Government agency complaints soar
A leading public sector watchdog has reported a major increase in the number of complaints against the Northern Ireland government and its agencies.
Northern Ireland Ombudsman Dr Tom Frawley said there had been a 15.4% jump in complaints to his office in the last year, and an increase in cases where he had detected poor administration or a failure to follow rules.
His annual report also included stinging criticism of the Planning Service which he said continued to make the same basic errors he has been highlighting for years.
Dr Frawley said the tougher economic climate underlined the need for efficiency in publicly funded organisations.
"I recognise that in the present economic climate public services are tested, as government and senior management seek even greater economy and efficiency," he said.

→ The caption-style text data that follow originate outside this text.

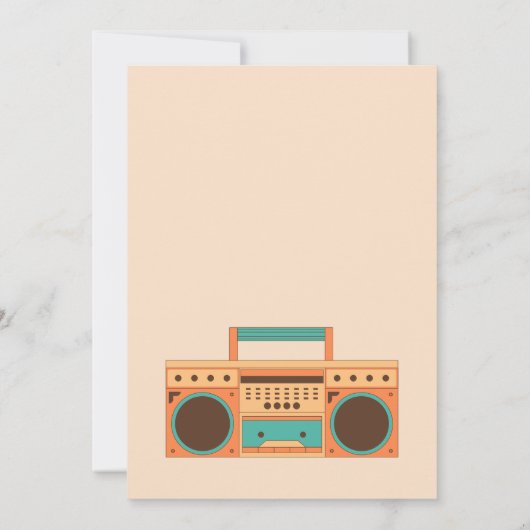 レトロディスコ音楽パーティー誕生日 招待状 (裏面)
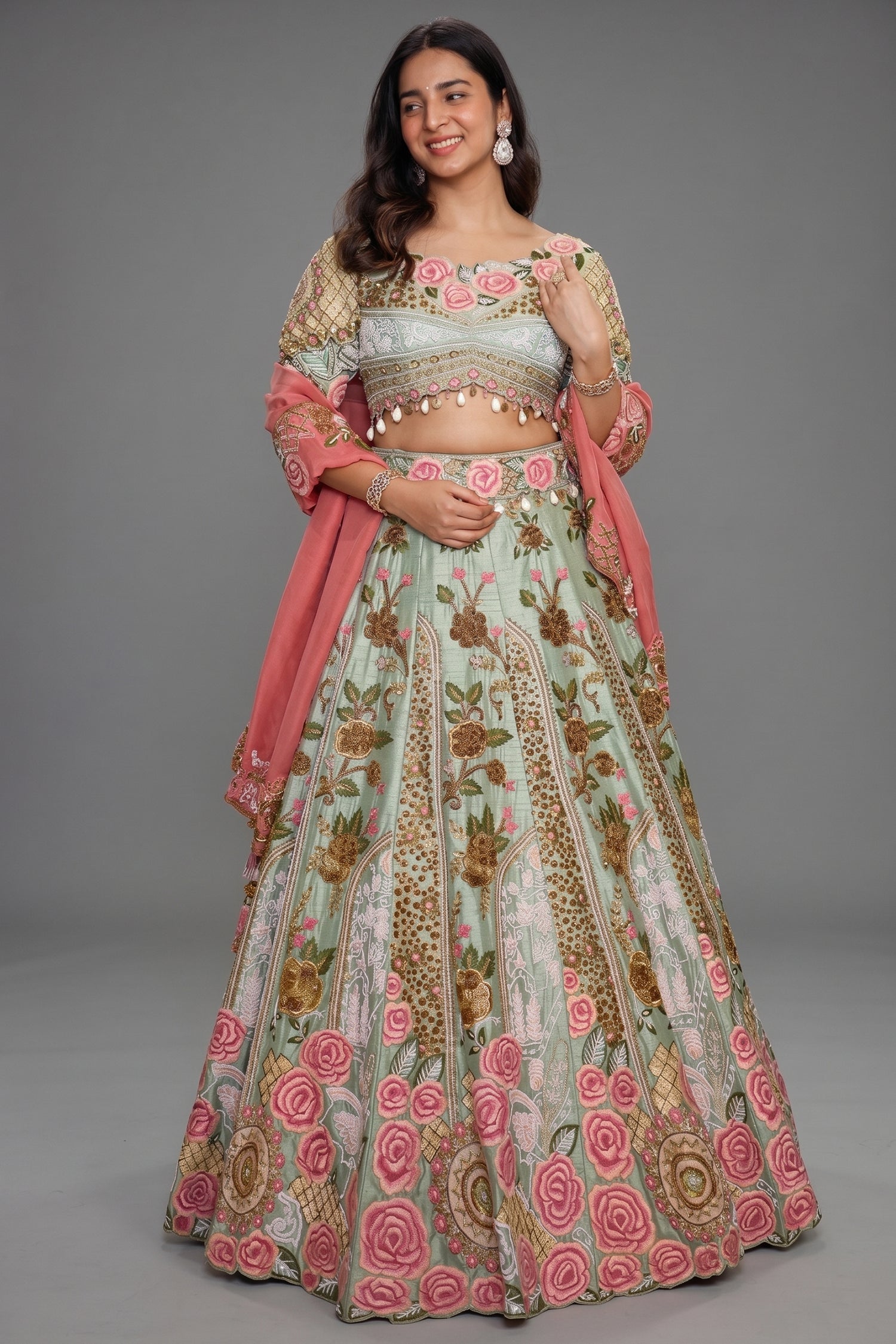 Pista Green Raw Silk Floral Resham Embroidered and Embellished Bead Work Lehenga - red silk saree embroidered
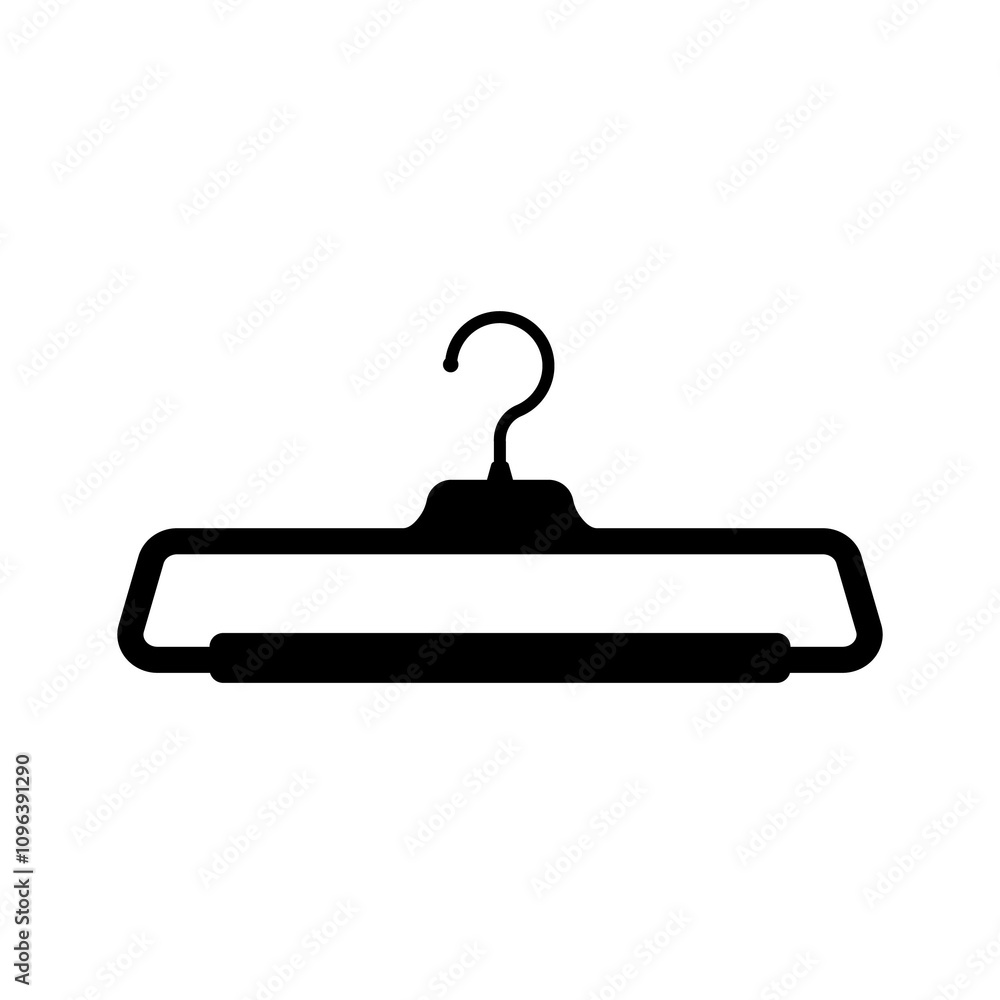 Illustration showing a black icon of a clothes hanger in a closet, isolated on a white background
Illustration showing a black icon of a clothes hanger in a closet, isolated on a white background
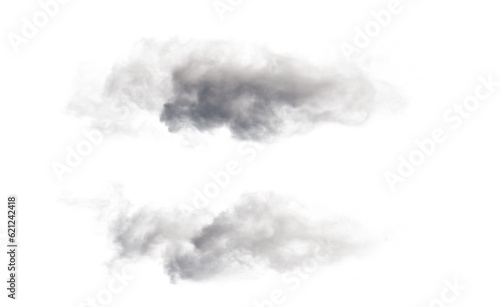 Clouds set isolated on transparent background. White cloudiness, mist or smog background.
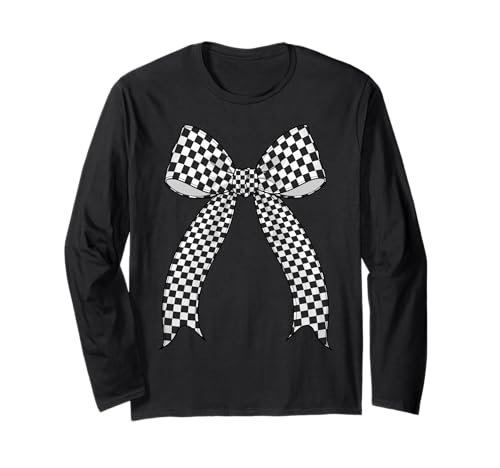 Kariertes Schachbrett Schwarz Weiß Muster Mädchen Kokette Schleife Langarmshirt von Womens Coquette Bow Checkerboard Pattern Gifts
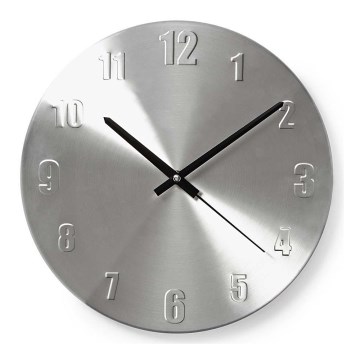 Metalinis sieninis laikrodis 1xAA matinis chromas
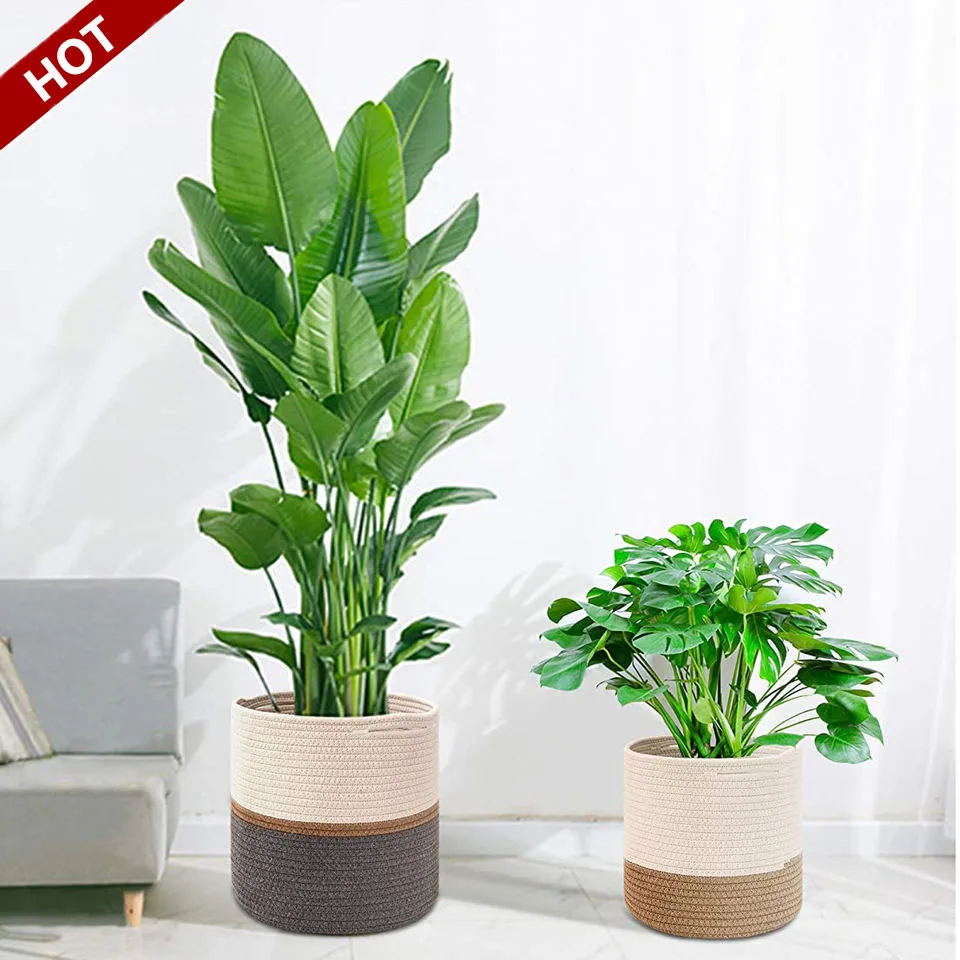 Wholesale discount product custom plant basket woven home decor woven plant basket cotton rope basket with handles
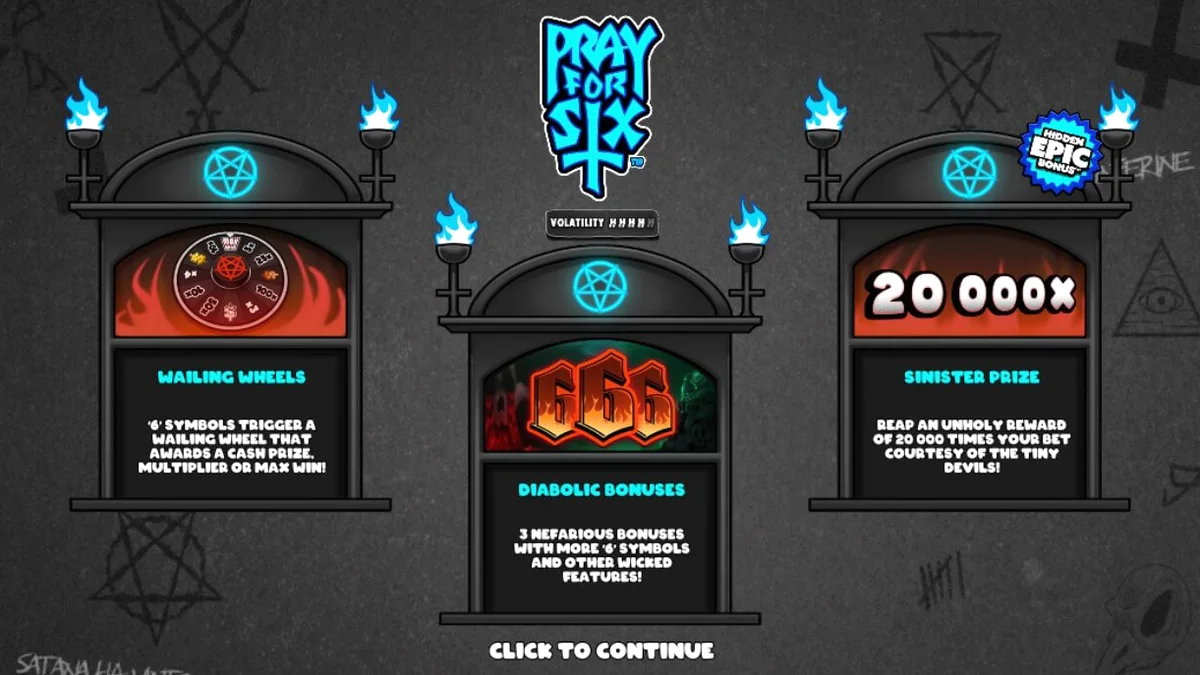 Tampilan visual slot Pray for Six dengan tema monokrom dan kartun klasik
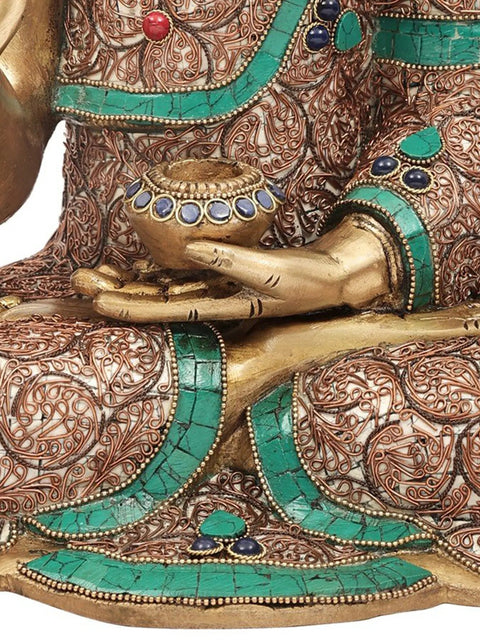 15" Blessing Buddha Brass Statue with Inlay Work | Indian Handcrafted Idol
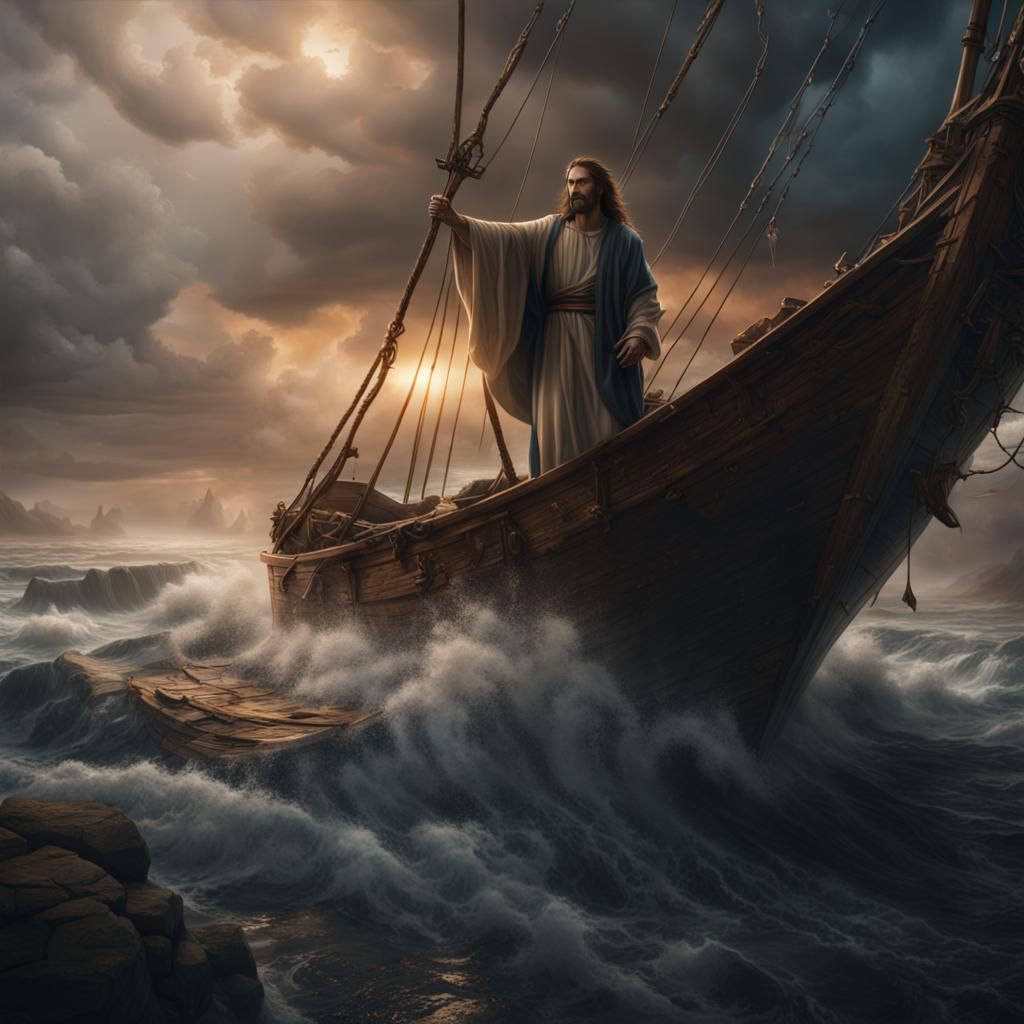 Jesus Quiets the Storm: Detailed Matte Painting
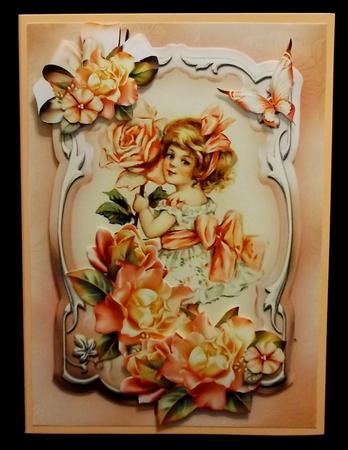 Vintage Girl with Roses by Allen Bowen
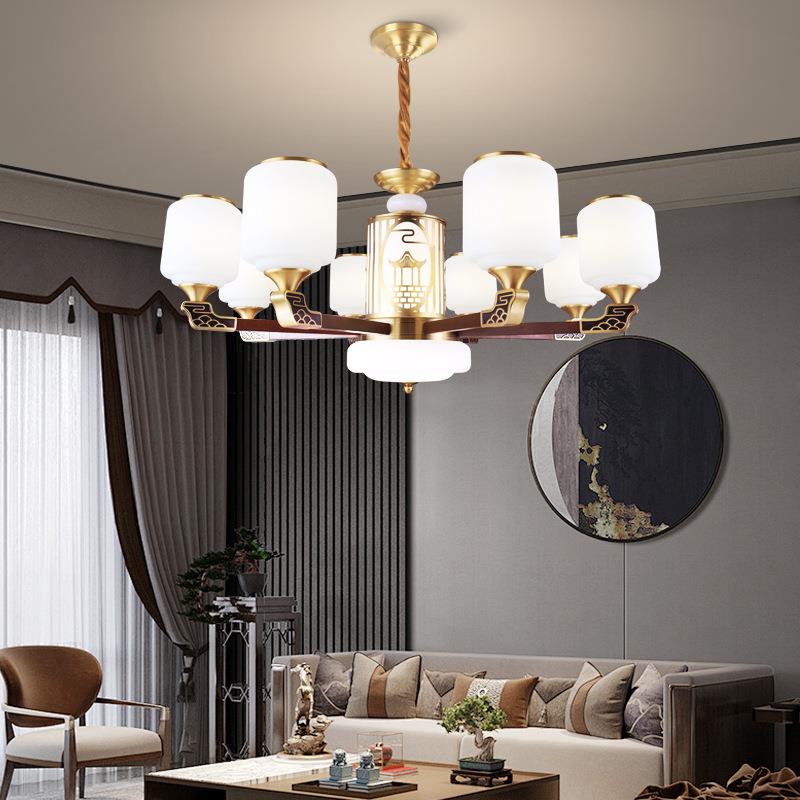 新中式全铜吊灯客厅主灯2024年新款酒店自建房卧室别墅复式楼灯具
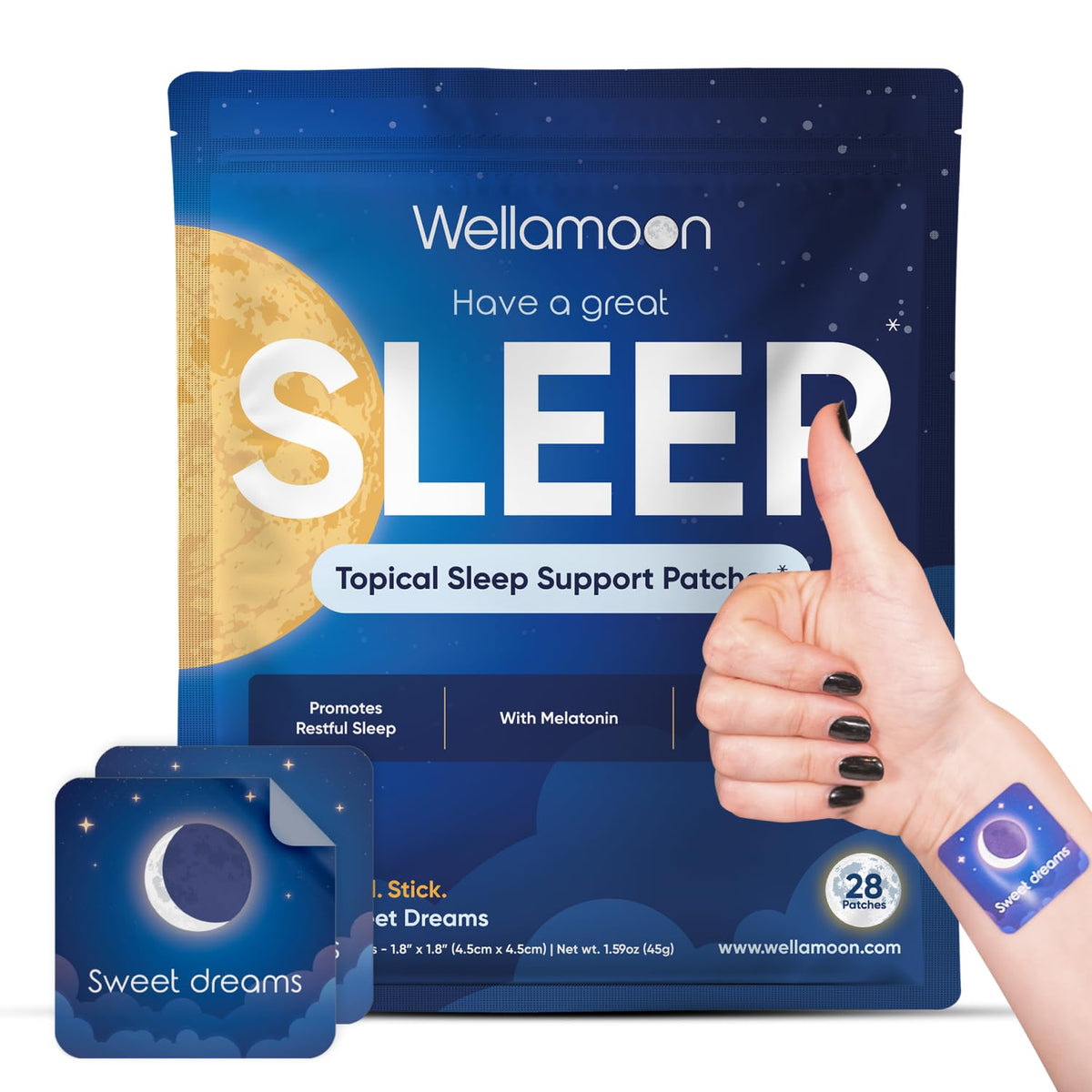 Wellamoon Original Sleep Patches for Adults Extra Strength | Easy-to-Apply Sleep Patch with Melatonin & Valerian | Relax & Wake Up Refreshed | Long-Lasting Night Comfort for Men & Women | 28 Patches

"At such times statutory requirements, the needs of individual citizens and the quality of the delivery of public services can, if we are not vigilant, become secondary.
"In such challenging times, my office provides an impartial mechanism for ensuring redress, where appropriate, to the individual citizen."
The ombudsman said his office received 681 written complaints. It was an increase in workload which was related partly to a 120% rise in complaints against the health service, though this was attributed to a change in how health-linked complaints were handled.
But his report also noted a jump in the number of maladministration cases in the Assembly and against the health service. Poor administration rulings were made in 21 cases at the Assembly, compared with 10 in the previous year. There were 23 rulings in the health sector, compared with 10 the previous year.
In his annual report he said he was concerned at basic flaws that continued to surface in the Planning Service.